Sedangkan lembaga dan jabatan Walikota Madiun baru diadakan 10 tahun kemudian
dengan dikeluarkan staatsblad nomor 14 tahun 1928.
Pada
Zaman Jepang daerah ini menjadi Madiun Shi yang diperintah oleh seorang Shi
Tjo dan mempunyai wilayah 12 Desa, setelah Proklamasi Kemerdekaan, dengan
berlakunya Undang-undang Nomor 22 tahun 1948, maka Madiun Shi diubah menjadi
Kota Besar Madiun dengan wilayah 12 Desa dibawah perintah Walikota. Kemudian
demi pemerataan wilayah berdasar UU Nomor 22 tahun 1948 maka menurut Surat
Keputusan Nomor 16 Tahun 1950 Kotapraja Madiun diperjuangkan diperluas dengan
mendapat tambahan dari Kabupaten Madiun yaitu 8 (delapan) Desa yakni
Demangan, Josenan, Kuncen yang semula berstatus speerti Desa Perdikan Taman,
Banjarejo, Mojorejo, Rejomulyo, Winongo dan Manguharjo. Kemudian dengan berlakunya
Undang-undang Nomor 1 tahun 1957 sebagai pengganti Undang-undang Nomor 22
Tahun 1948, Kota Besar Madiun berubah menjadi Kotapraja Madiun dengan wilayah
12 desa dan diperintah oleh seorang Walikota, selanjutnya berdasar
Undang-undang Nomor 24 Tahun 1958 diadakan perubahan batas-batas wilayah
Kotapraja Madiun, kerena mendapat tambahan wilayah sebanyak 8 (delapan) buah
desa dari Kabupaten Madiun, sehingga wilayah Kotapraja Madiun menjadi 20
desa. Pelaksanaan perubahan batas-batas ini diadakan pada hari Sabtu tanggal
21 Mei 1960 bertempat di Kabupaten Madiun oleh Walikota dan Bupati. Kemudian
dengan Undang-undang Nomor 18 Tahun 1965 sebagai pengganti Undang-undang
Nomor 1 tahun 1957, Kotapraja Madiun diubah dengan Kotamadya Madiun dengan
wilayah 20 desa dan diperintah oleh Walikota Kepala Daerah.
Selanjutnya
dengan berlakunya Undang-undang Nomor 5 Tahun 1974 tentang Pokok-Pokok
Pemerintahan di Daerah, sebagai pengganti UU Nomor 18 tahun 1965, maka
Kotamadya Madiun berubah menjadi Kotamadya Daerah Tingkat II Madiun, dengan wilayah 20 desa dan
istilah Walikota Kepala Daerah Kotamadya Madiun diubah menjadi Walikotamadya
Kepala Daerah Tingkat II Madiun.

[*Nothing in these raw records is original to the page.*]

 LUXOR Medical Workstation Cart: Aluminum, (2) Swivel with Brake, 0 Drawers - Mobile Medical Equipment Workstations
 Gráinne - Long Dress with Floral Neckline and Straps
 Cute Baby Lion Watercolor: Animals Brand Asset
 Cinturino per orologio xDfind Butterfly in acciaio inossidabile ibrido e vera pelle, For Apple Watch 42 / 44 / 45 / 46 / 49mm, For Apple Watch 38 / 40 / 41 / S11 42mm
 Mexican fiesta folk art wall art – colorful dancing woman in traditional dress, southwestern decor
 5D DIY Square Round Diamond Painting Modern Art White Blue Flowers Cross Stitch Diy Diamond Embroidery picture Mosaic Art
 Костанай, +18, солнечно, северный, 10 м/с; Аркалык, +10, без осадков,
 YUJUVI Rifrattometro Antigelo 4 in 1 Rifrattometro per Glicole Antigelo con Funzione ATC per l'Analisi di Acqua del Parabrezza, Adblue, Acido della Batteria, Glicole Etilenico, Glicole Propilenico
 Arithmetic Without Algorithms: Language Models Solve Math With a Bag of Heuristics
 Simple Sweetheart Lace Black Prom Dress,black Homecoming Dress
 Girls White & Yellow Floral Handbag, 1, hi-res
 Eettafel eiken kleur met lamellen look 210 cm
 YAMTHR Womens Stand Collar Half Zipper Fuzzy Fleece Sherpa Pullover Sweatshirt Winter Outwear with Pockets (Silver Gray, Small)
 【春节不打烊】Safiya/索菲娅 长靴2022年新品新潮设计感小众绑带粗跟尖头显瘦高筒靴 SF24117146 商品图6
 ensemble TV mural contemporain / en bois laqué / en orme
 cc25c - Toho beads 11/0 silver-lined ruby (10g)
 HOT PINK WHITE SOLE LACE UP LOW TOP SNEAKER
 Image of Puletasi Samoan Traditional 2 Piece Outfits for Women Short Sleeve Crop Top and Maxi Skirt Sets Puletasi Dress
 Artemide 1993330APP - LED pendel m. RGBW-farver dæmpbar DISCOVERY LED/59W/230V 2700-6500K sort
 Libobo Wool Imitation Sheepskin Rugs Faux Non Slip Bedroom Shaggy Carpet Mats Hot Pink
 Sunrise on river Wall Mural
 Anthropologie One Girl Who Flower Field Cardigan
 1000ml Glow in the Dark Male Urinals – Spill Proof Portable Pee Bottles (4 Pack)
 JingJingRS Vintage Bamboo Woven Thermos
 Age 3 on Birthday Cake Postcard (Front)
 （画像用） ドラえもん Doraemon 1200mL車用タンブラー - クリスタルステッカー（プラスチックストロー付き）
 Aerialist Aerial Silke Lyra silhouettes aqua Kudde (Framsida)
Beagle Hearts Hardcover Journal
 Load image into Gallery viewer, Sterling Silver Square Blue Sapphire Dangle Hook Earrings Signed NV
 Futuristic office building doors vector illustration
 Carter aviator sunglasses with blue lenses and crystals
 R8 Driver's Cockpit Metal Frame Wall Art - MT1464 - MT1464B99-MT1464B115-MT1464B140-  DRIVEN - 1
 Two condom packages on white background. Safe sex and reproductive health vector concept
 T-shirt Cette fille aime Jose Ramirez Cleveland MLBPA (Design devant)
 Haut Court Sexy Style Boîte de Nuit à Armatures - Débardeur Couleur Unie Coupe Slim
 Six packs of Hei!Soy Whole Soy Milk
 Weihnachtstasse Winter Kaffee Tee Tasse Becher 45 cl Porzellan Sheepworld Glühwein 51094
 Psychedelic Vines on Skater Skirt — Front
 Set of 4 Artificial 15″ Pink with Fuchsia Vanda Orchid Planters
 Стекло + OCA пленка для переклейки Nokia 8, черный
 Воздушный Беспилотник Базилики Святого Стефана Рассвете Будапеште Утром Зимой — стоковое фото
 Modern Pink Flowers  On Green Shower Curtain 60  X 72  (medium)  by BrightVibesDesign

Dalam Tahun 1979 atas persetujuan DPRD
Kotamadya dan Kabupaten Daerah Tingkat II Madiun, diusulkan pemekaran daerah
Kotamadya menjadi 27 Desa/Kelurahan. Dimana terhitung mulai tanggal 18 April
1983 wilayah Kotamadya Daerah Tingkat II Madiun yang semula terdiri dari 1
Kecamatan meliputi 20 Kelurahan dengan luas 22,95 KM2 berdasarkan Peraturan
Pemerintah Nomor 49 Tahun 1982 dan Surat Gubernur Kepala Daerah Tingkat I
Jawa Timur Nomor 135.1/1169/011/1983 tanggal 19 Januari 1983 bertambah
menjadi 7 desa yang berasal dari Kabupaten Daerah Tingkat II Madiun yakni Desa Ngegong, Sogaten,
Tawangrejo,Kelun, Pilangbango,Kanigoro dan Manisrejo), sehingga luas wilayah Kotamadya Daerah
Tingkat II Madiun
menjadi 33,92 KM2 terdiri dari 3 Kecamatan dengan 20 Kelurahan dan 7 Desa dimana
masing-masing kecamatan terdiri dari 9 Kelurahan/Desa.